If a guy fancies a girl, should he just go ahead and make a move on her?
I used to believe that, yes. Men should definitely make the first move.
Get her number. Ask her out on a date. Whatever. That's what movies like The Notebook, Titanic and (God forbid) American Pie taught us right?
After all, men are supposed to the bolder, more aggressive sex. We should take the initiative. And if we failed, what have we got to lose?
As it turns out that, actually we have A LOT to lose.
If a guy makes a move on a girl and she turns him down, the guy loses face. But that's not it.
Because what normally happens is that the girl would go back to her pack of girlfriends, and then she'd go, "Like, oh my god. You won't believe just what happened. Did you, like, see that guy over there, like, make a move on me? He was like, totally ewww. I was, like, just sitting there and he's like, 'Hey, can I like buy you a drink?' and I was like 'No wayyyy, I'm too cool for you!' Like, whateva!"
Then they'd all giggle among themselves while you stand there looking like an idiot.
Ok, I'm generalising and maybe it doesn't always happen exactly that way, but it's close enough.

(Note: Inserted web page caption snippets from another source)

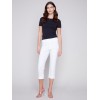 Stretch Pull-On Capri Pants - White Stretch Pull-On Capri Pants - White
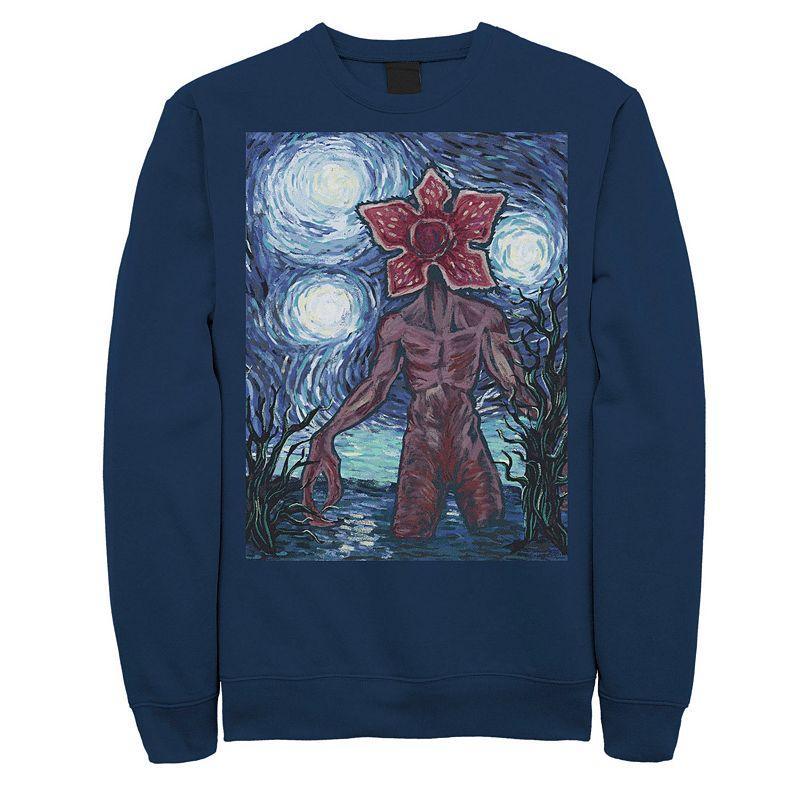 Mens Stranger Things Demogorgon Starry Night Style Poster Sweatshirt Blue Product Image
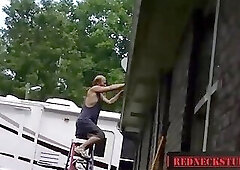 Construction worker stroking pov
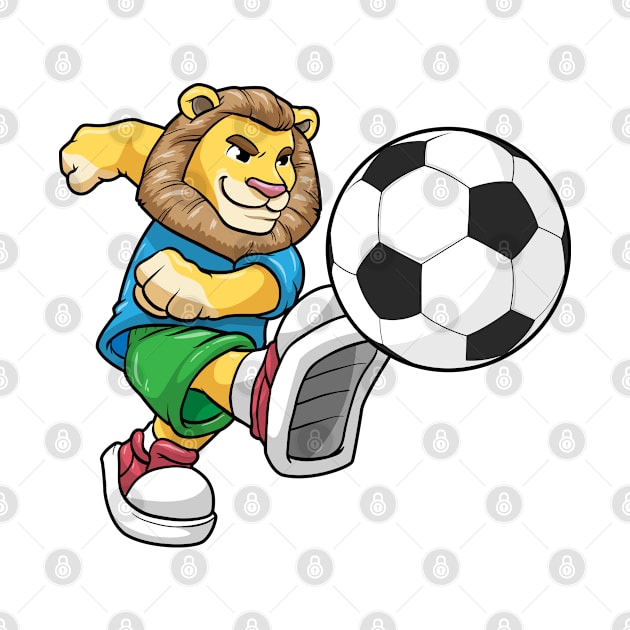 Lion as Soccer player with Soccer ball by Markus Schnabel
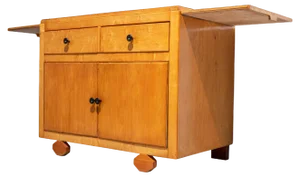 Small French Wood 2-Door Cabinet with Side Leaf Top, 1970s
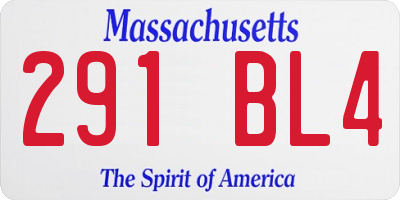 MA license plate 291BL4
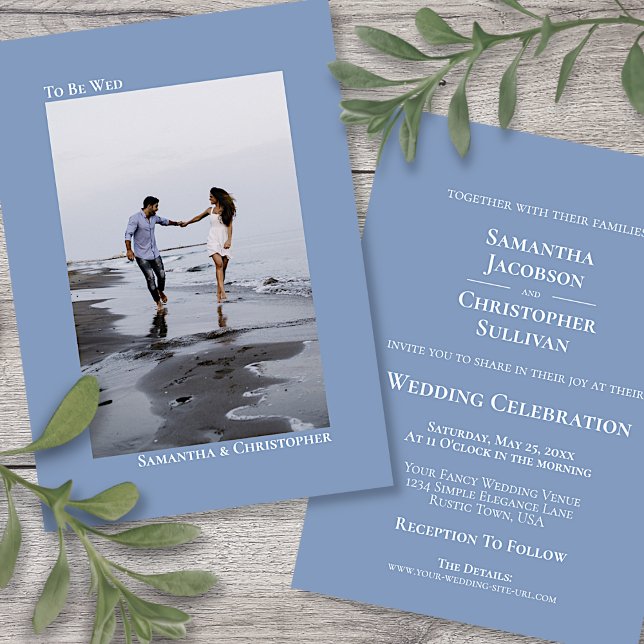 Minimalistisch Dusty Blue Vertical Foto Wedding Einladung (Front and Back)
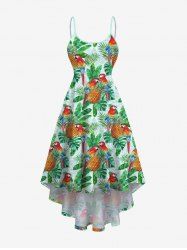 Plus Size Tropical Leaves Pineapple Parrot Print Hawaii High Low Asymmetric Cami Dress -  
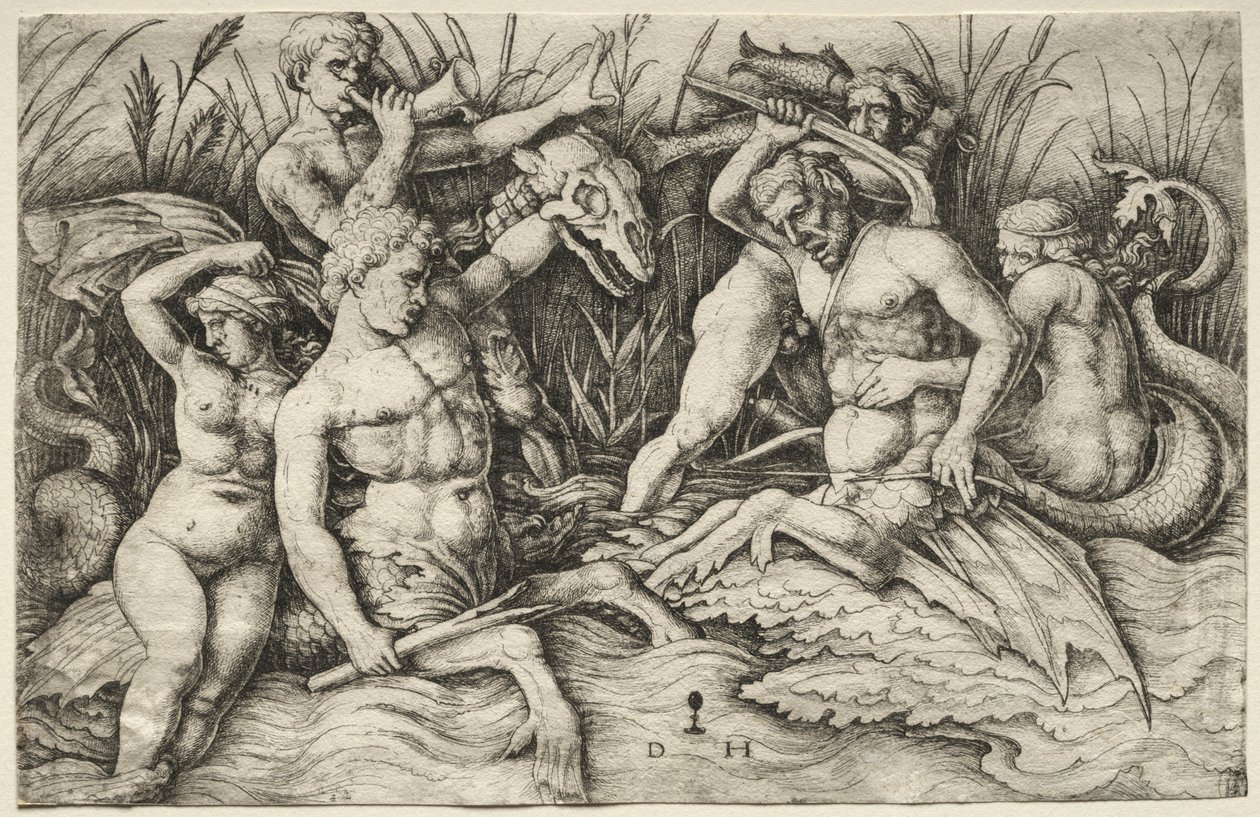 Dos Tritones luchando - Batalla de los Dioses del Mar (parte derecha) de Daniel Hopfer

My point is, everytime a guy makes a move on a girl, not only do we stand to face rejection, we also have to face ridicule and embarrassment from our friends AND her friends if we get turned down.

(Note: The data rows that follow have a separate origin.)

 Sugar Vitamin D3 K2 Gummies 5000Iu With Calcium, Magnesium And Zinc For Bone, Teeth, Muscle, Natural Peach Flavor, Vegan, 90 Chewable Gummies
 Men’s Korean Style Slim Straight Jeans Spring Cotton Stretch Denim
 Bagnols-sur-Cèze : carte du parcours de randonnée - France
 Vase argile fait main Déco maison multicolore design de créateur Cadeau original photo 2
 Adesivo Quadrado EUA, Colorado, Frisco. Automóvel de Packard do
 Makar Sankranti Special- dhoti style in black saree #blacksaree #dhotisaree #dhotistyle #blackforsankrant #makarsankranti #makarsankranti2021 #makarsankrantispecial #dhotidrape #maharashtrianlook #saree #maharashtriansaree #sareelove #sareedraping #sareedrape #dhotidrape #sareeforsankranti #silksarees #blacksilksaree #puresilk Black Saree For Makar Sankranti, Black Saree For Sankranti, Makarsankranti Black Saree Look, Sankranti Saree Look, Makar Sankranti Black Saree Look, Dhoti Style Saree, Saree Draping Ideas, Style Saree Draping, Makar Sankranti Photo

We get accused of being perverts, desperados, going for someone out of our league (I get that a lot). We can't even touch or initiate light physical contact to show her our interest.
What's worse, if we fail, next time she'll start avoiding us. And next time you bump into her and her friends, you can't help but to think that she'll be whispering to her friends "Hey, that's the guy who asked me out on a date. What a loser."
I will never forget the time back in high school when I wrote a love letter to a girl I had a crush on and confessed my feelings. Not only did she not reply, she took my letter and passed it around everyone in class while they laughed at my bad handwriting.
Then I had a think about it, and I came up with a BRILLIANT idea. Call it controversial or whatever, but hear me out.
Instead of girls waiting for guys to approach them, and turning them down if they are not up to your standards... Why can't GIRLS be the one making the first move?
Do you know why there are so many single men and women around?
It is PRECISELY because girls do not make the first move at all! All they do is sit around waiting for Brad Pitt to fall from the sky and propose to them.
See, THAT is the difference between guys and girls.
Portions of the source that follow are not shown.